Es imperativo que la funcionaria especifique a qué se refiere cuando habla de “consecuencias” ante actos de grupos criminales que tengan lugar en México. Si con ello alude a cualquier forma de intervención de Washington en nuestro país o pretensión de aplicar extraterritorialmente las leyes estadunidenses, como parece ser el caso, sus declaraciones se encuentran fuera de lugar y son en todo punto inaceptables. El amago de atacar a criminales en territorio mexicano no es una amenaza contra los cárteles, sino contra México: aquí hay un sistema de seguridad pública, un sistema de impartición de justicia y un marco legal que son los facultados para investigar, juzgar y sancionar los delitos cometidos en territorio nacional. Sugerir que un poder extranjero puede infligir consecuencias dentro de México ignorando a las autoridades locales y el debido proceso es un acto de violencia intolerable contra la soberanía nacional.

Lamentablemente, el exabrupto de Leavitt no es un hecho aislado, sino que se inscribe en un patrón de faltas de respeto hacia México por parte de funcionarios, legisladores y políticos estadunidenses, quienes contravienen tanto las más elementales normas de las relaciones entre estados, como las posturas oficiales de los partidos a los que pertenecen y las administraciones para las que trabajan.
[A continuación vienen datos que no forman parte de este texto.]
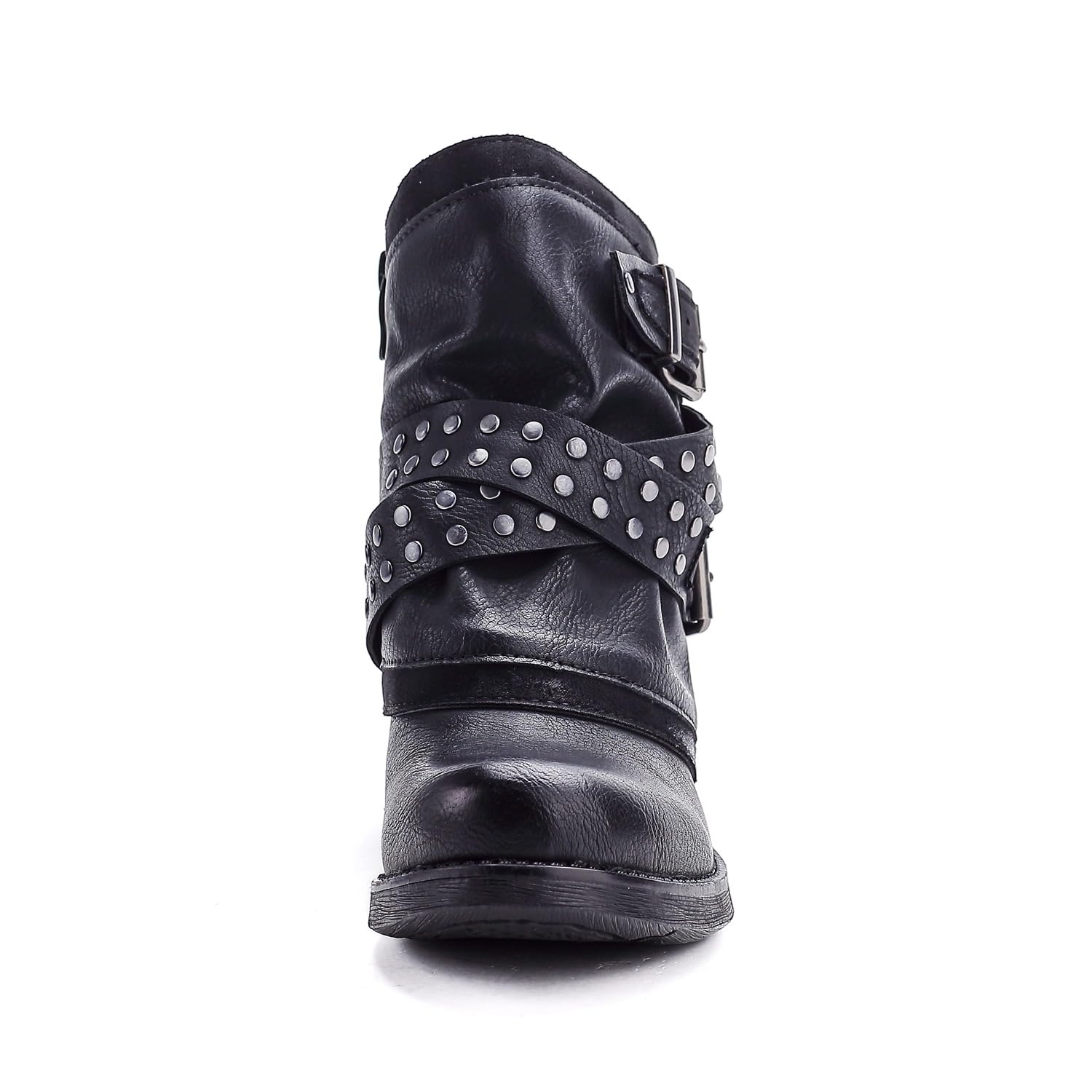 Pogolino Damen Biker Boots Nieten flach Stiefeletten Stiefel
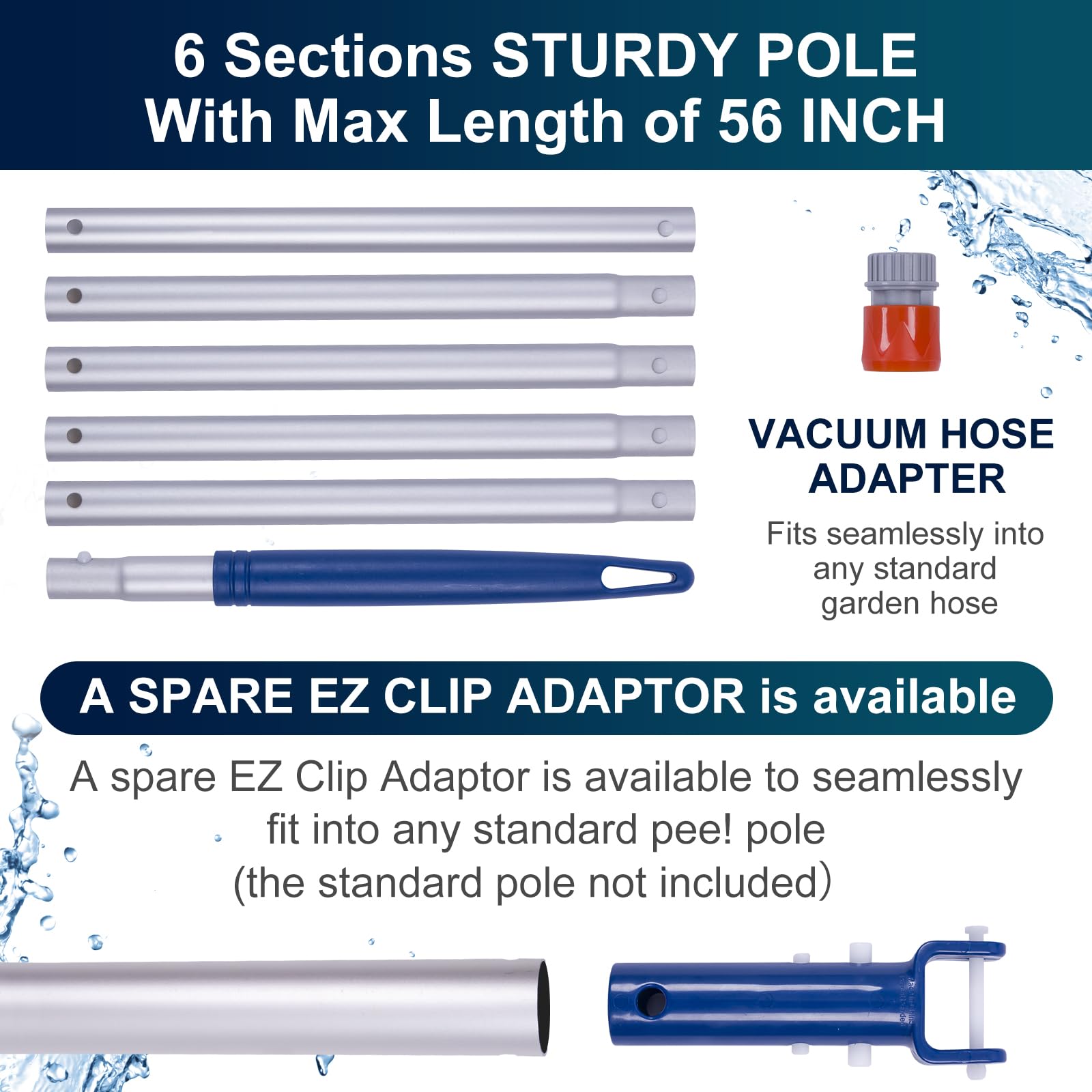 POOLAZA 2025 Upgraded Portable Pool Vacuum Cleaner - Handheld Jet Underwater Cleaner with Fine Mesh Bag & 56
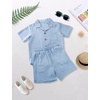 image:imageFlygo Boys Summer 2 Piece Textured Beach Outfit Shirt and Shorts SetLight Blue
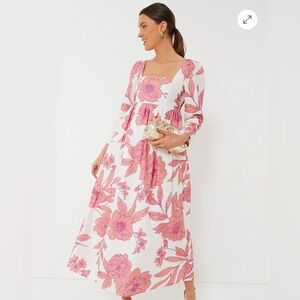 Tuckernuck Coral peony print carina dress S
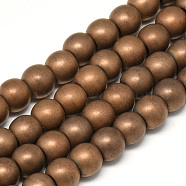 Electroplate Non-magnetic Synthetic Hematite Beads Strands, Matte Style, Round, Copper Plated, 6x5.5mm, Hole: 2mm, about 75pcs/strand, 15.7 inch(G-Q486-87B)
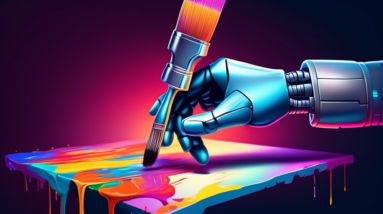 A robotic hand holding a glowing paintbrush, painting a futuristic metallic logo on a canvas with ten empty spaces around it.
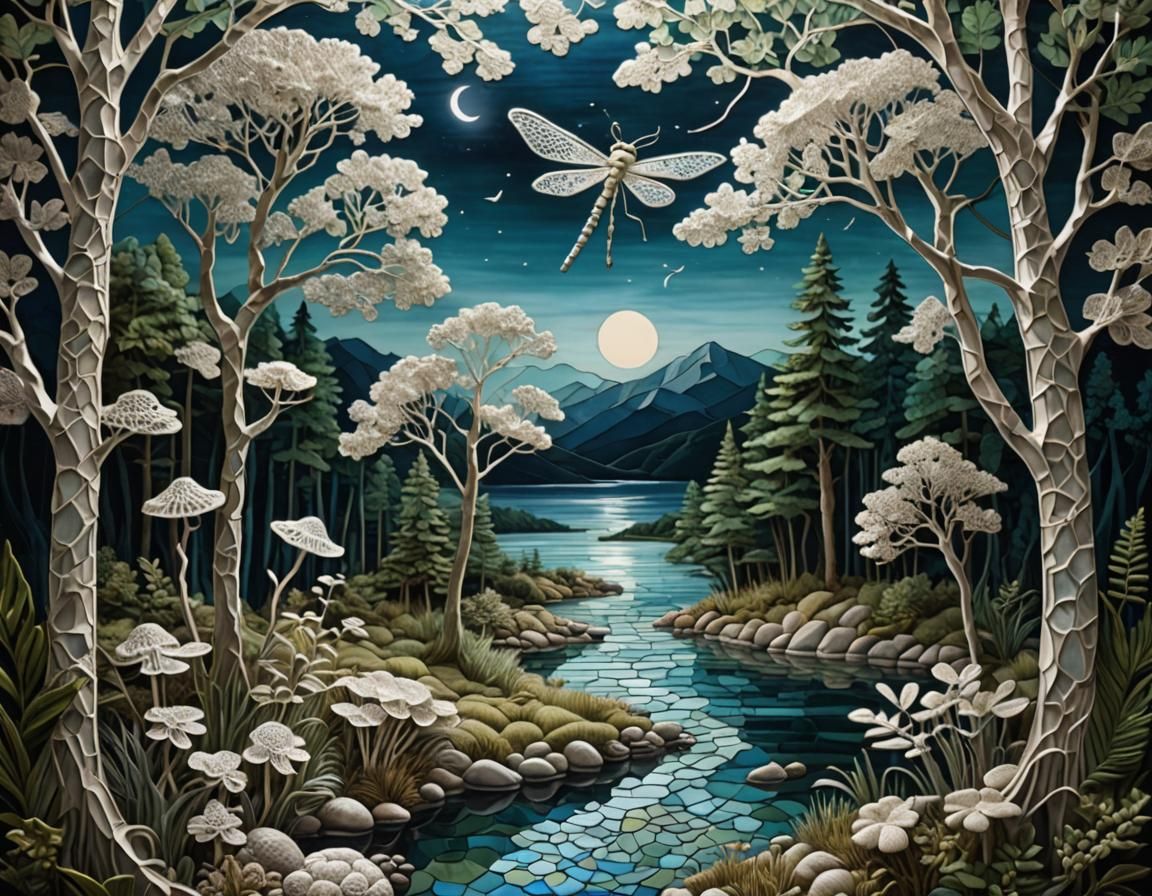 Lace Lake: Stained Glass Mosaic in Moonlight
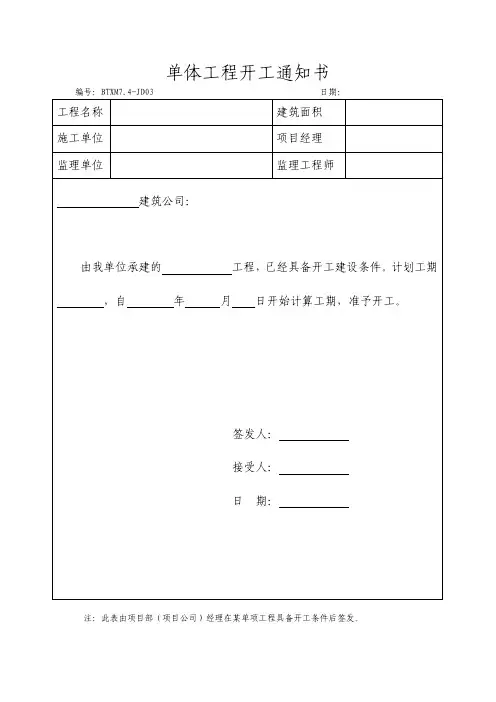 房地产公司项目管理部全套表格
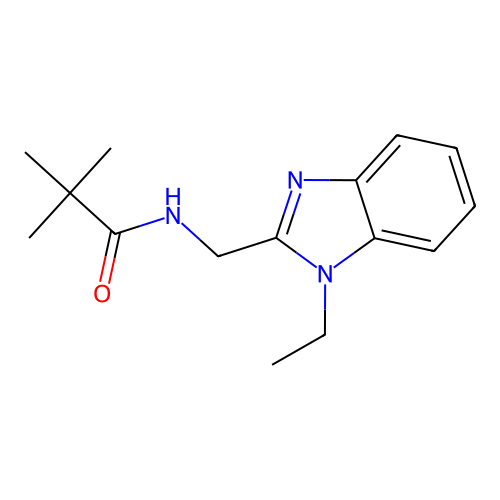 N-[(1-ethylbenzimidazol-2-yl)methyl]-2,2-dimethylpropanamide structure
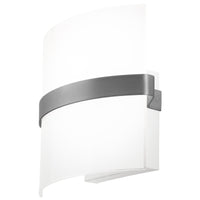 Brilliant Kota Satin Nickle Frost Glass Wall Light Sconce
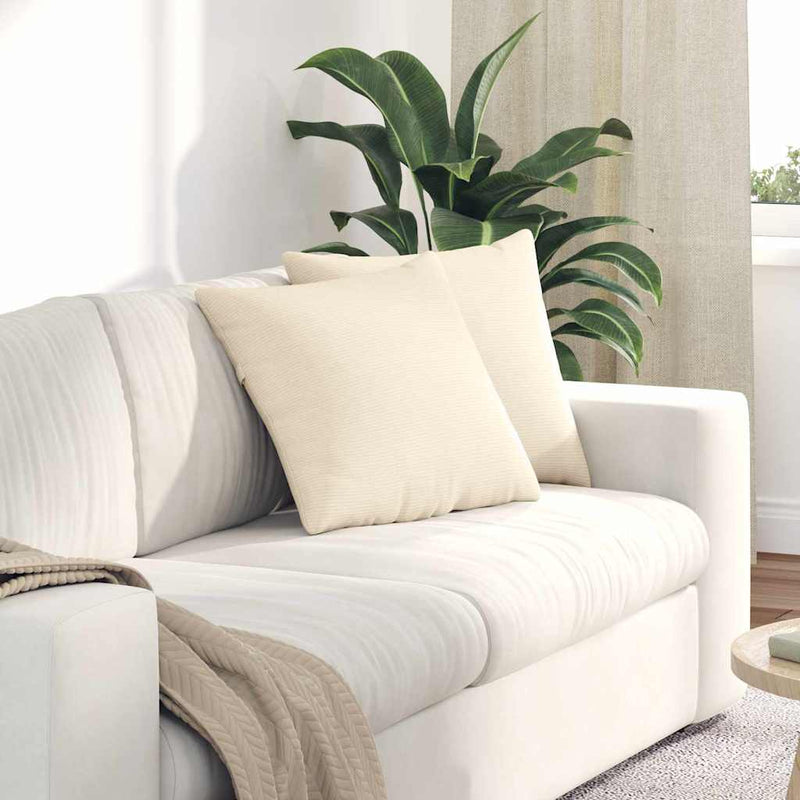 Load image into Gallery viewer, Vidaxl sofa kussens 2 stuks crème 45 x 45 cm cordstof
En este sentido, es significativo que la vocera haya emitido sus comentarios minutos antes de que el embajador de Washington en nuestro país, Ronald Johnson, llegara a Palacio Nacional para sostener un encuentro con la presidenta Claudia Sheinbaum Pardo. Hace justo un mes, el director de la Oficina Federal de Investigación, Kash Patel, incurrió en una falta parecida al mentir sobre un inexistente operativo conjunto de fuerzas mexicanas y estadunidenses para capturar a un presunto narcotraficante, y eventos similares se han sucedido desde que Joseph Biden estaba en la Casa Blanca.

El desorden declarativo de los funcionarios trumpistas no atañe sólo a México. La semana pasada, la vocera del Departamento de Seguridad Interior, Tricia McLaughlin, tuvo que dejar su cargo al convertirse en chivo expiatorio por las calumnias escandalosas que ella misma, su superior, la secretaria Kristi Noem, el propio Trump y otros altos jerarcas lanzaron contra Alex Pretti, el enfermero brutalmente asesinado por agentes del Servicio de Control de Inmigración y Aduanas (ICE) y la Patrulla Fronteriza en Mineápolis, Minesota. En suma, la comunicación caótica y mendaz del equipo del magnate ya le está pasando una pesada factura política dentro de Estados Unidos, y es necesario hacerle ver que también es inadmisible cuando se traduce en faltas de respeto a México.